▶ _Try it_:
Print the records below verbatim.

Segment Open

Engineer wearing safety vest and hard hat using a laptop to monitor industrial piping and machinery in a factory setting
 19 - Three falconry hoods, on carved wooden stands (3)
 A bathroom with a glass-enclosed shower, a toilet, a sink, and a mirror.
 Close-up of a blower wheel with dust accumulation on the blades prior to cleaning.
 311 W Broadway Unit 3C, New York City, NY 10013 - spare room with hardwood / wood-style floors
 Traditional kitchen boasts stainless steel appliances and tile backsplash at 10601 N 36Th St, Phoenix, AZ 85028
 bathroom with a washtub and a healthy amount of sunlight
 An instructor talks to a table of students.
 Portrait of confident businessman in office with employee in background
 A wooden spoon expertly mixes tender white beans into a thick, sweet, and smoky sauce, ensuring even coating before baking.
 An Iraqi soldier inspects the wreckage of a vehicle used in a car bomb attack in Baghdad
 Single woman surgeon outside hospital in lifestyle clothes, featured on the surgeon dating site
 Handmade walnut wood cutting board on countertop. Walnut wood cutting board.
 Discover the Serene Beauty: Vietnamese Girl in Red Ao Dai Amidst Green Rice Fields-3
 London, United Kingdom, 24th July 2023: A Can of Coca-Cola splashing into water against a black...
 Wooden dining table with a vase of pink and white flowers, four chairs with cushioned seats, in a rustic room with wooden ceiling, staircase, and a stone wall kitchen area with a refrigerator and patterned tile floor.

Segment Closed

▶ _Response box_:
Engineer wearing safety vest and hard hat using a laptop to monitor industrial piping and machinery in a factory setting
 19 - Three falconry hoods, on carved wooden stands (3)
 A bathroom with a glass-enclosed shower, a toilet, a sink, and a mirror.
 Close-up of a blower wheel with dust accumulation on the blades prior to cleaning.
 311 W Broadway Unit 3C, New York City, NY 10013 - spare room with hardwood / wood-style floors
 Traditional kitchen boasts stainless steel appliances and tile backsplash at 10601 N 36Th St, Phoenix, AZ 85028
 bathroom with a washtub and a healthy amount of sunlight
 An instructor talks to a table of students.
 Portrait of confident businessman in office with employee in background
 A wooden spoon expertly mixes tender white beans into a thick, sweet, and smoky sauce, ensuring even coating before baking.
 An Iraqi soldier inspects the wreckage of a vehicle used in a car bomb attack in Baghdad
 Single woman surgeon outside hospital in lifestyle clothes, featured on the surgeon dating site
 Handmade walnut wood cutting board on countertop. Walnut wood cutting board.
 Discover the Serene Beauty: Vietnamese Girl in Red Ao Dai Amidst Green Rice Fields-3
 London, United Kingdom, 24th July 2023: A Can of Coca-Cola splashing into water against a black...
 Wooden dining table with a vase of pink and white flowers, four chairs with cushioned seats, in a rustic room with wooden ceiling, staircase, and a stone wall kitchen area with a refrigerator and patterned tile floor.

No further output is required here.